As a software developer and hobbyist pedant, I don't think you're going to find a word which encapsulates all of the intended meaning while also being unambiguously understood by the listener.
In search of an applicable word, people often forget that the listener should be able to understand the word without consulting a dictionary. You usually want to be accurate specifically to avoid an unnecessarily long explanation; but using a sufficiently complicated or unknown word achieves quite the opposite.
There are ways to communicate this with a specific phrasing, rather than looking for the most applicable word.
Your description is a bit generalized and vague, so let me use a more apt example: substrings.
For non-programmer readers:
A substring is part of a piece of text (which is called a "string [of characters]").
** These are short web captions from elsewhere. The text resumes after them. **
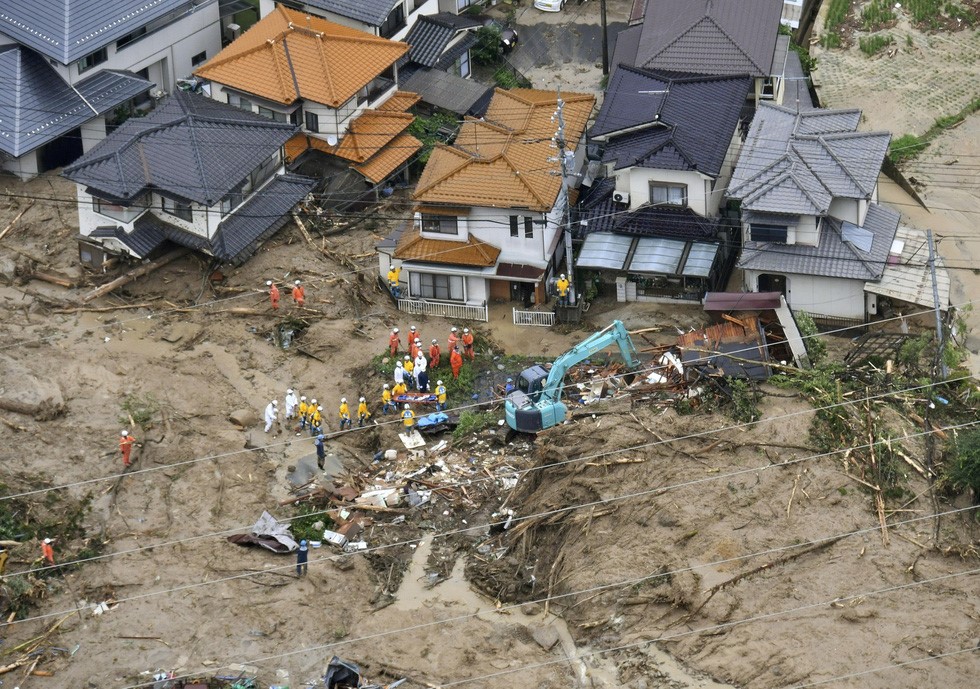 Lực lượng cứu hộ tham gia giải cứu khu nhà bị đất lở do mưa tại TP Hiroshima, phía tây Nhật Bản ngày 7/7 - Ảnh: REUTERS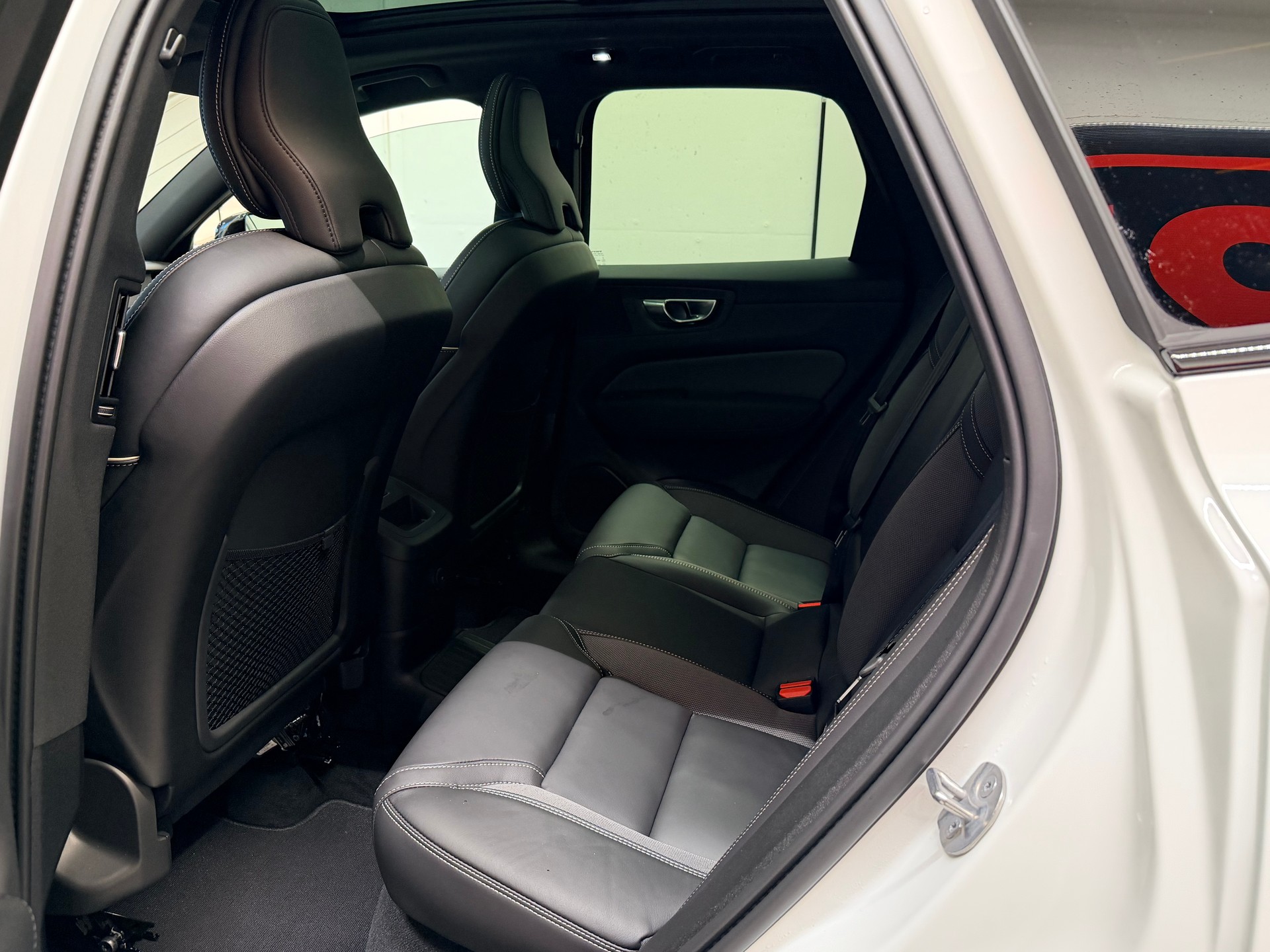 VOLVO XC60 T6 eAWD PluginHybrid Black Edition Geartronic-image-15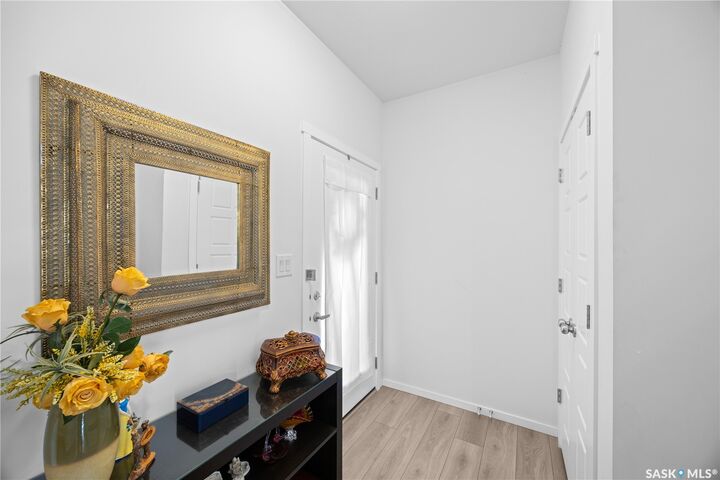 Property Photo:  814 Labine Crescent  SK S7L 6N2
I.e. given the string "Hello world", these are all possible substrings: "Hello", "o wor", "ld", "Hello wor", but also "Hello world" itself (which is why it's an applicable example for OP's question).
How would I describe this?
A substring is a subset [of the characters] of a string. The list of possible substrings also includes the complete string. In other words, a string is also one of its own substrings.
To generalize:
A slice of a data structure is a subset of [the data in] that data structure. The list of possible slices also includes the full data structure. In other words, a data structure is also one of its own slices.
In all honesty, I find it slightly harder to understand when generalized, simply because it's less clear what we're talking about. In the substring example, it's much easier to understand.
But I am assuming that you used "data structure" in your question because you were trying to generalize your question; and that you in reality will use a more concrete name instead of just "data structure".